- **Activity**
When you transcribe the listing that follows, keep every line exact and skip any picture.

- **Supplied information**

■ ■ ■

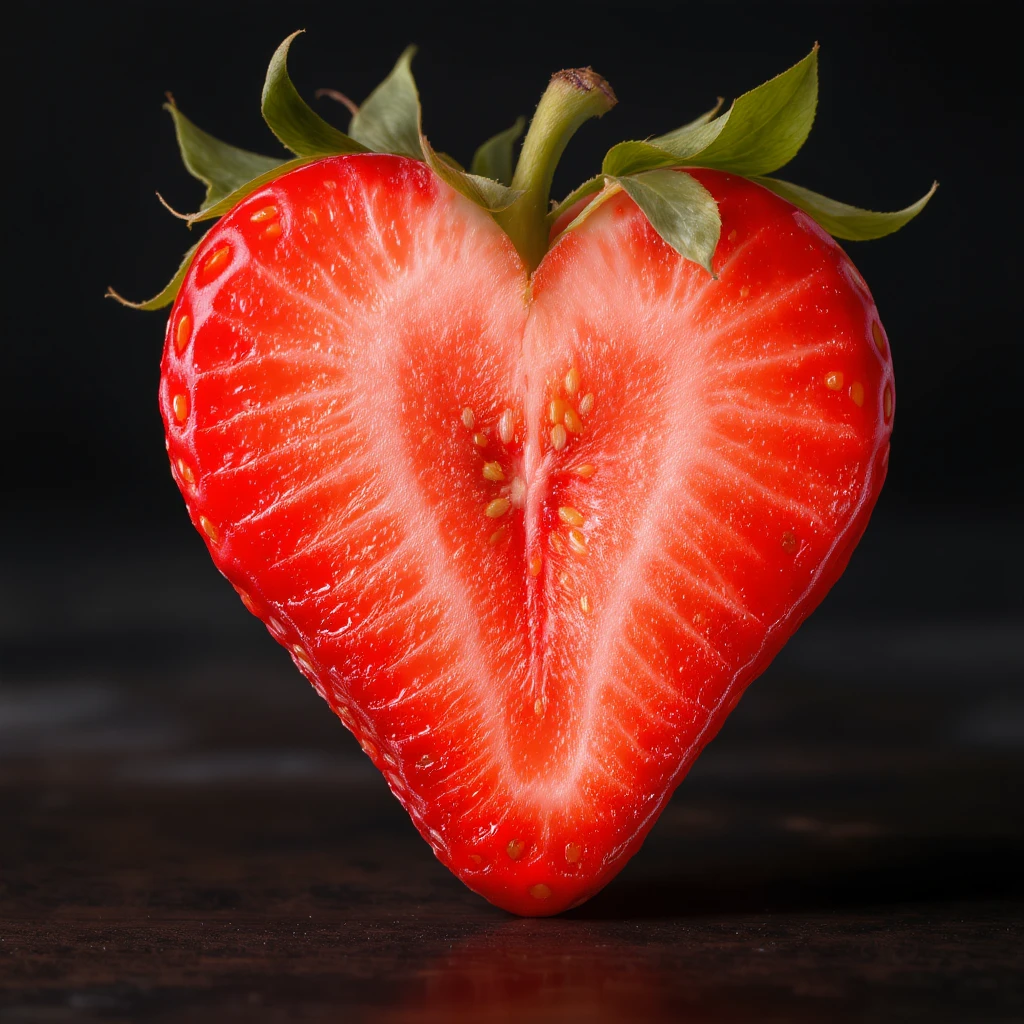 heart-shaped fruit, professional photography style emoji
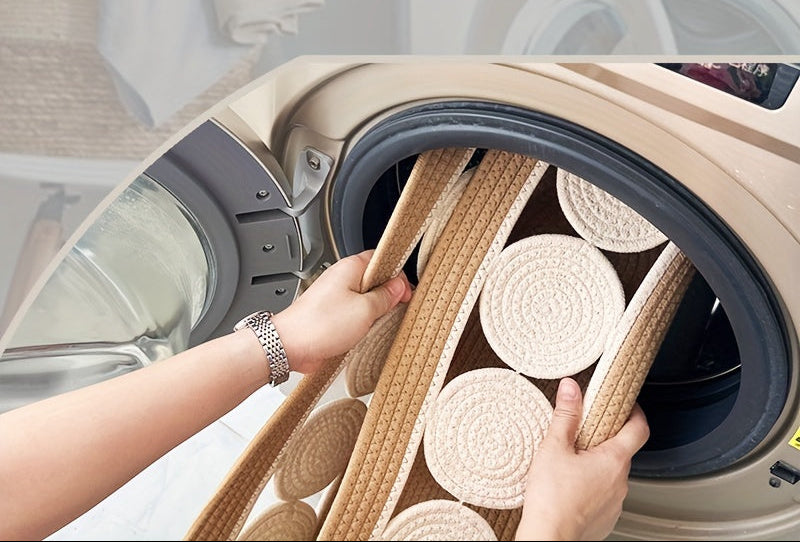 Ensemble de Tapis de Sol en Lin Tissé Main Style Bohème - Antidérapant et Lavable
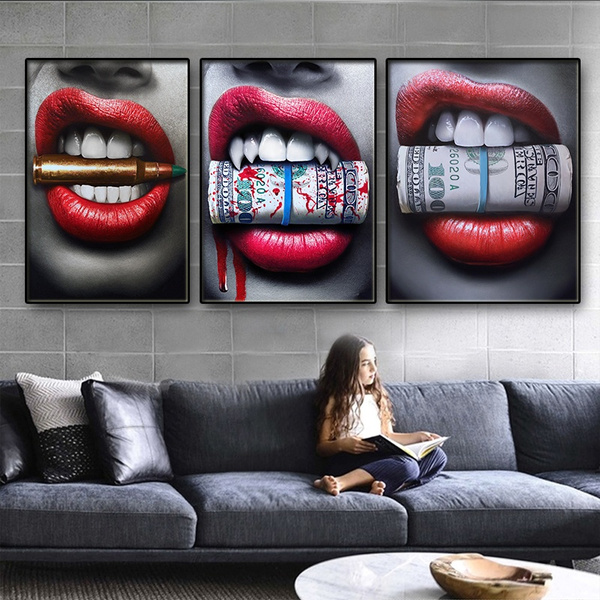 3 Pcs Wall Art Prints Posters Y Red Lips Bite Bullet And Money Modern Canvas Paintings For Living Room Decor Unframed Wish - Bullet Home Decor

■ ■ ■

- **Output below**
 heart-shaped fruit, professional photography style emoji
 Ensemble de Tapis de Sol en Lin Tissé Main Style Bohème - Antidérapant et Lavable
 3 Pcs Wall Art Prints Posters Y Red Lips Bite Bullet And Money Modern Canvas Paintings For Living Room Decor Unframed Wish - Bullet Home Decor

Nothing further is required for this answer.